I asked a friend of mine to keep an eye out for bamboo spatulas. She was cruising a second hand store and found these little spatulas for 39 cents each.










Hmmmm .... they are just a bit bigger than an Altoids tin, but not by much. Of course you know what was going through my mind. Well, here are the results of my efforts.










I was quite pleased at how they turned out. I made them basically the same way I made my larger boo shooters. I used a 3/4 inch sanding drum to make the fork gap ... the gap turned out to be 7/8 of an inch wide. The bands are single strands of what I believe is 2040 latex tubing from China. I lubricated the fork ends of the bands with alcohol and slipped them into larger diameter tubing to make for a more secure tie. And I used shoe strings for lanyards. I found that a pinky lanyard works very well for these little guys.

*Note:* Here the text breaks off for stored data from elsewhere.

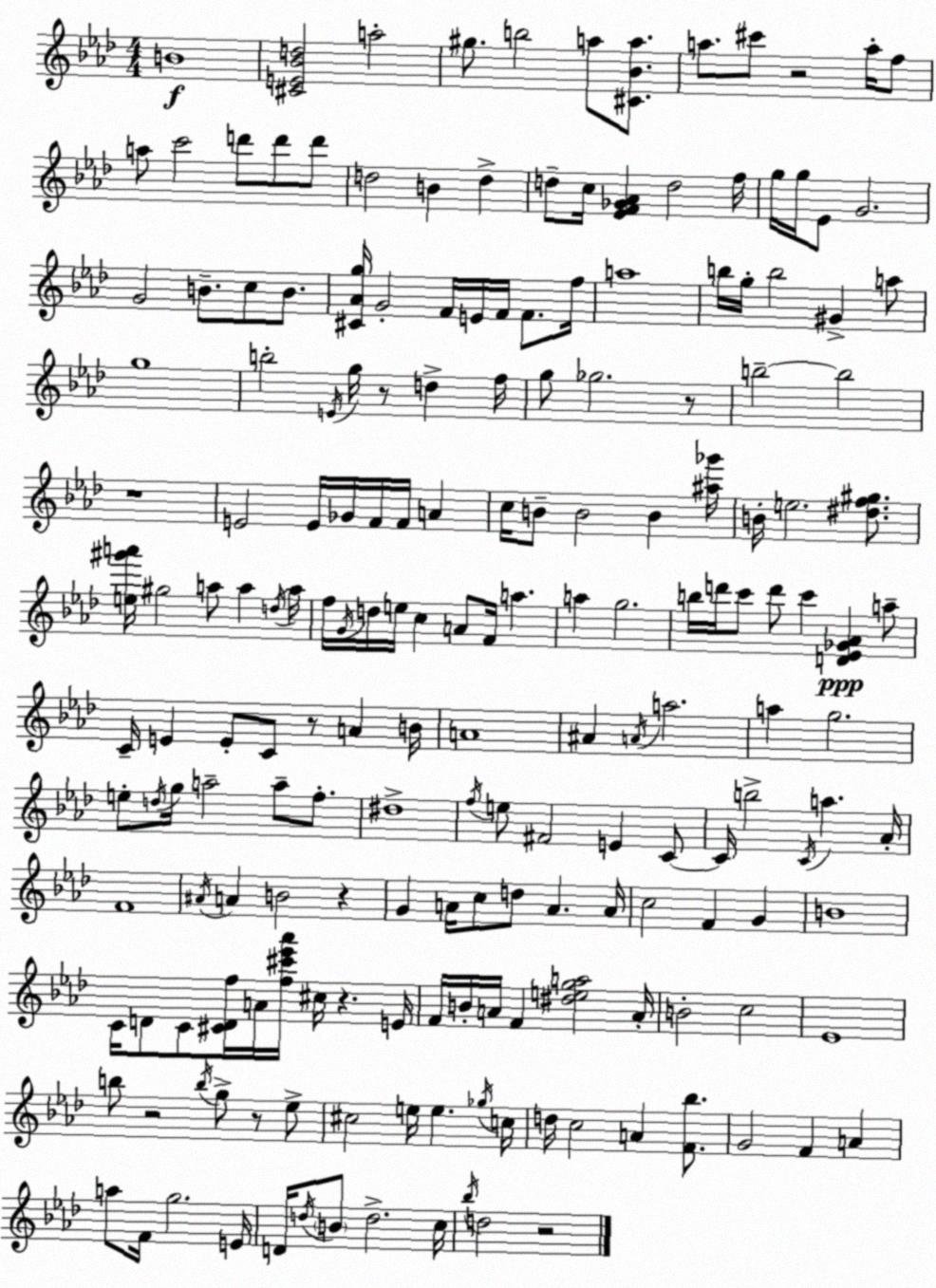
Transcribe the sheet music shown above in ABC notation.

X:1
T:Untitled
M:4/4
L:1/4
K:Ab
B4 [^CE_Bd]2 a2 ^g/2 b2 a/2 [^C_Ba]/2 a/2 ^c'/2 z2 a/4 f/2 a/2 c'2 d'/2 d'/2 d'/2 d2 B d d/2 c/4 [_EF_G_A] d2 f/4 g/4 g/4 _E/2 G2 G2 B/2 c/2 B/2 [^C_Ag]/4 G2 F/4 E/4 F/4 F/2 f/4 a4 b/4 g/4 b2 ^G a/2 g4 b2 E/4 g/4 z/2 d f/4 g/2 _g2 z/2 b2 b2 z4 E2 E/4 _G/4 F/4 F/4 A c/4 B/2 B2 B [^a_g']/4 B/4 e2 [^df^g]/2 [e^g'a']/4 ^g2 a/2 a d/4 a/4 f/4 G/4 d/4 e/4 c A/2 F/4 a a g2 b/4 d'/4 c'/2 d'/2 c' [D_E_G_A] a/2 C/4 E E/2 C/2 z/2 A B/4 A4 ^A A/4 a2 a g2 e/2 d/4 g/4 a2 a/2 f/2 ^d4 f/4 e/2 ^F2 E C/2 C/4 b2 C/4 a _A/4 F4 ^A/4 A B2 z G A/4 c/2 d/2 A A/4 c2 F G B4 C/4 D/2 C/2 [^CDf]/4 A/4 [f^c'_e'_a']/4 ^c/4 z E/4 F/4 B/4 A/4 F [^dega]2 A/4 B2 c2 _E4 b/2 z2 b/4 g/2 z/2 _e/2 ^c2 e/4 e _g/4 c/4 d/4 c2 A [F_b]/2 G2 F A a/2 F/4 g2 E/4 D/4 d/4 B/2 d2 c/4 _b/4 d2 z2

I made a short loop in the lanyard by tieing a knot. I just stick my pinky in the loop and give it a couple of twists to tighten it. The hold is quite secure, and the pinky lanyard is insurance against a slip when holding such a small frame. The bands are just long enough for the draw to reach my ear. These little fellows handle 3/8 inch steel and lead quite well.

And, here is one in and Altoids tin.










The fit is so compact that there is ample room to store quite a bit of ammo, if you are of a mind to. Without ammo, I can fit both of these little guys in one tin!

If you have not yet entered the Altoid Tin Build Off, head on down to the Competitions thread for details. In addition to my Altorus, I have decided to add these wee boo shooters as prizes as well. Sooo, get crackin' ... You have two more weeks to enter.

Cheers ..... Charles


----------



## Bob Fionda (Apr 6, 2011)

Charles, you drive me crazy with your inventions.....you stimulate me to give it a try. Thanks a lot for sharing your smart ideas!


----------



## rem50 (Jan 5, 2012)

Put it in a plastic soap dish and you can take it anywhere!


----------



## tomshot123 (Mar 31, 2012)

I NEED to make a boo shooter!!!


----------



## harson (Oct 21, 2011)

That is excellent , i will need to go and enter this comp now.


----------



## Sean (Nov 17, 2011)

Cool shooters there Charles, very nice. You could win your own competition if you aren't careful.


----------



## August West (Jan 21, 2012)

Man those are super, I am going to have to start looking through the thrift shops. Chris


----------



## e~shot (Jun 3, 2010)

PukkA!


----------



## Charles (Aug 26, 2010)

Thanks for the kind comments everyone. I hope some of you will try making a boo shooter ... easy to make and fun to shoot.

Cheers ..... Charles


----------